“Sempre me achei ator de teatro”, dizia Paulo Autran, que teria feito 95 anos no último 7 de setembro. Deu-se conta do talento ainda menino, quando o pai, que era delegado de polícia, ganhava ingressos para os espetáculos e ia vê-los com o filho.
O interesse precoce pelo teatro não impediu Paulo Autran de se formar em Direito e montar escritório de advocacia, em São Paulo, experiência que deu por encerrada quando, no Rio, conheceu Tônia Carrero. Nesse momento, decidiu seguir o que o destino lhe impunha e não demorou a subir em palco paulista para fazer Esquina perigosa. A partir daí passou a brilhar não só como ator, mas como diretor, e até mesmo empresário.
O papel-título em Otelo, no Rio, em 1956, foi apenas um dos clássicos que representou, assim como a peça foi apenas uma das várias montagens da companhia que fundou com Tônia Carrero e Adolfo Celi, a Companhia Tônia Celi-Autran. Na condição de sócio, pôde gozar da liberdade de escolher o repertório que lhe agradava, aquele pelo qual pouca gente se interessava, como Edipo rei, que ele montou e protagonizou.
Quem o viu em O homem de la mancha, ao lado de Bibi Ferreira, não esquecerá o vigor encantatório que deu ao personagem de d. Quixote, assim como não terá esquecido sua atuação no papel do tirânico professor Higgins na versão brasileira de My fair lady, também com Bibi Ferreira, dez anos antes.
Aos 77 anos de idade, naquela fase da vida em que, do ponto de vista amoroso, "os frutos ou não são colhidos ou sabem a verme", como escreveu Drummond em "Campo de flores", casou-se com Karin Rodrigues, atriz com quem contracenara muitas vezes e de quem não podia mais se afastar. Descobriram que se amavam.
“Era um homem apolíneo”, define-o Karin no vídeo que o IMS preparou para homenageá-lo neste ano de 2017. Sóbria e amorosa a um só tempo, Karin, com Meg no colo, lembra os traços marcantes da personalidade de Paulo Autran: os do homem de teatro e do homem que amou com insuperável admiração.
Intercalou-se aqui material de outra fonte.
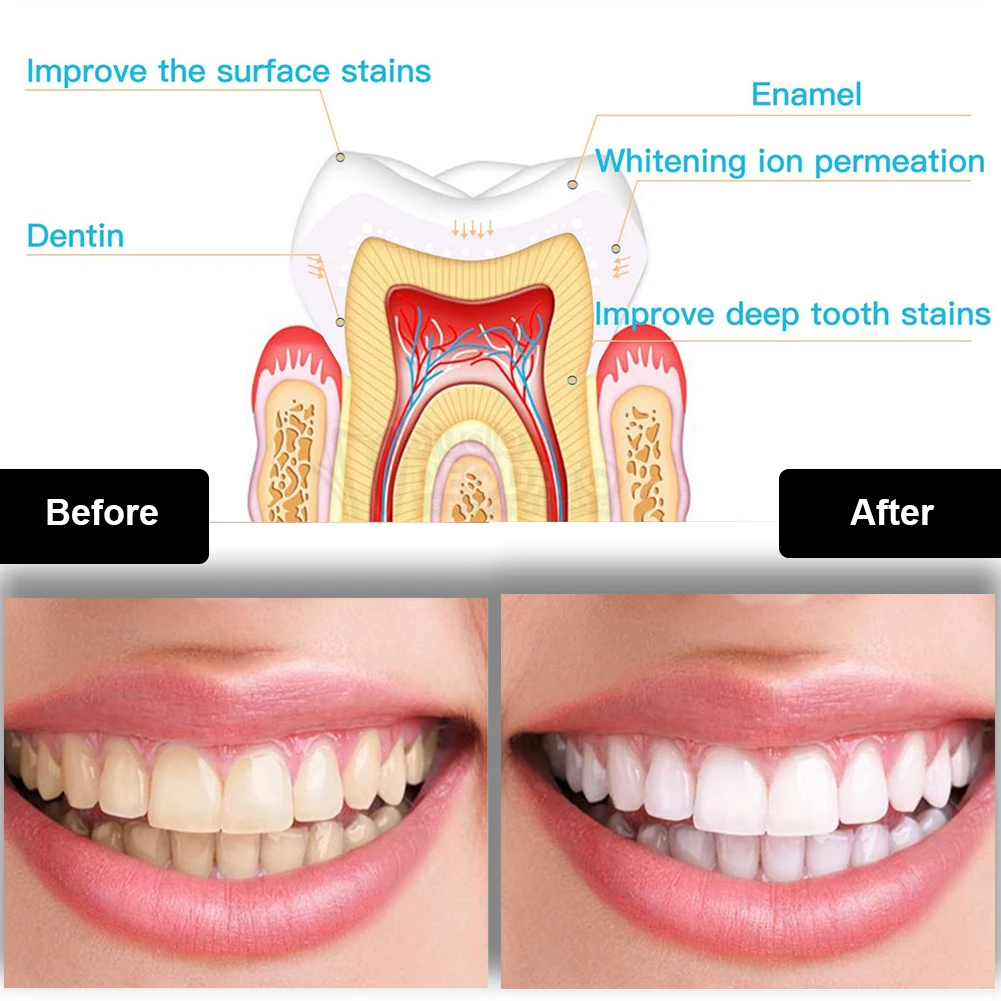 Dental Teeth Whitening Kit Min - Teeth Whitening With Hydrogen Peroxide avaliação e preço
Tão insuperável que, sendo ela de natureza alegre, reconhece que grande parte de sua alegria se foi quando o marido morreu, em 12 de outubro de 2007. Há dez anos, portanto.
A outra metade da alegria que lhe restou Karin converteu numa espécie de felicidade não ruidosa, certamente forjada no legado que lhe deixou Paulo Autran.